She waited for him to say something. She would have preferred the most brutal anger to this silence. It struck her down. He knelt before her rigid, breathing heavily, his face hard and set.

She spoke again, slowly. “If ever Vashti were to accept you, it would be the worst day’s work. The gods you worship are different. Hers are—hers are worthless.”

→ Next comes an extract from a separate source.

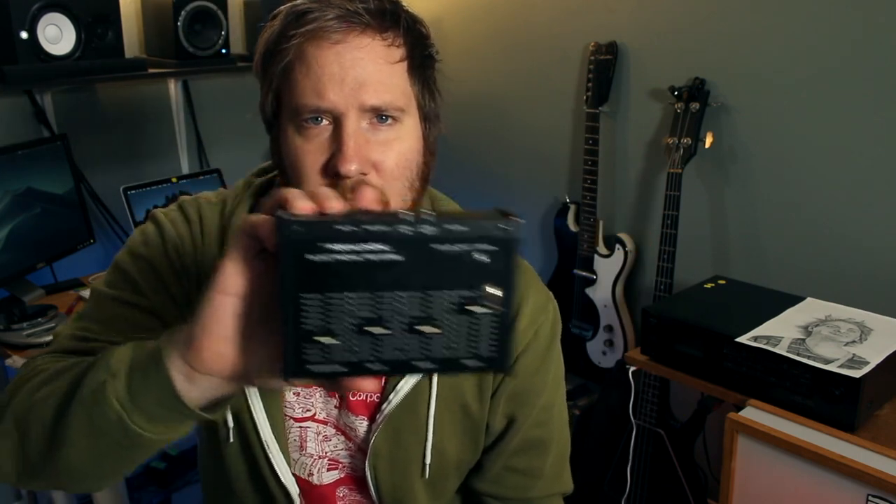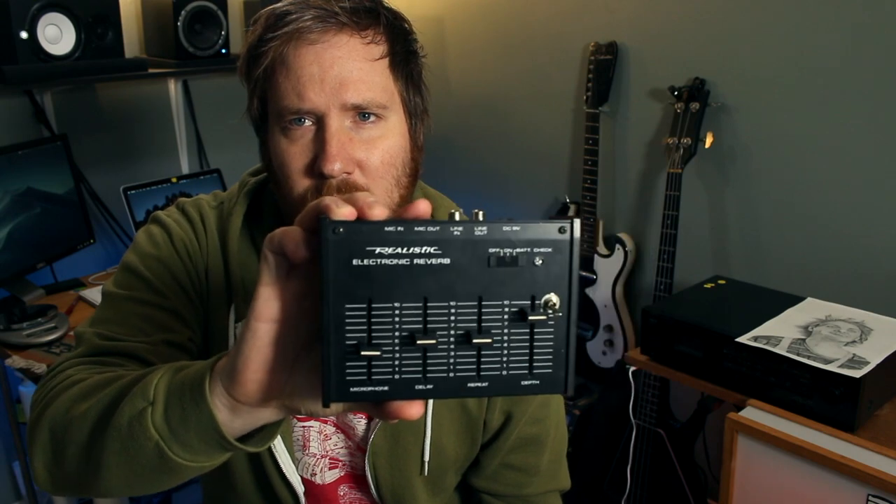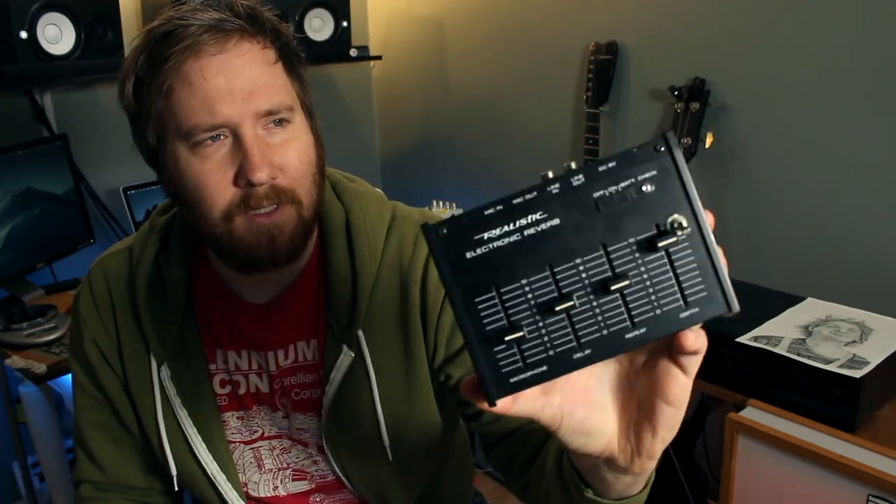This little guy here is an electronic realistic reverb. It's like this old PA setup that people used to use for vocals — you got the microphone delay repeat depth — so it's kind of like an old Bucket Brigade delay, I think.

He sprang to his feet, pushing aside his mother’s hand. His voice was low and stabbing. “Worthless! I won’t hear you say that. You don’t know—don’t understand. I ought to have gone on keeping this to myself—ought not to have spoken to you. No, don’t touch me. She’s good, I tell you. It’s my fault if I’m such a fool that I can’t make her care.”

He spoke like a man in doubt, anxious to convince himself.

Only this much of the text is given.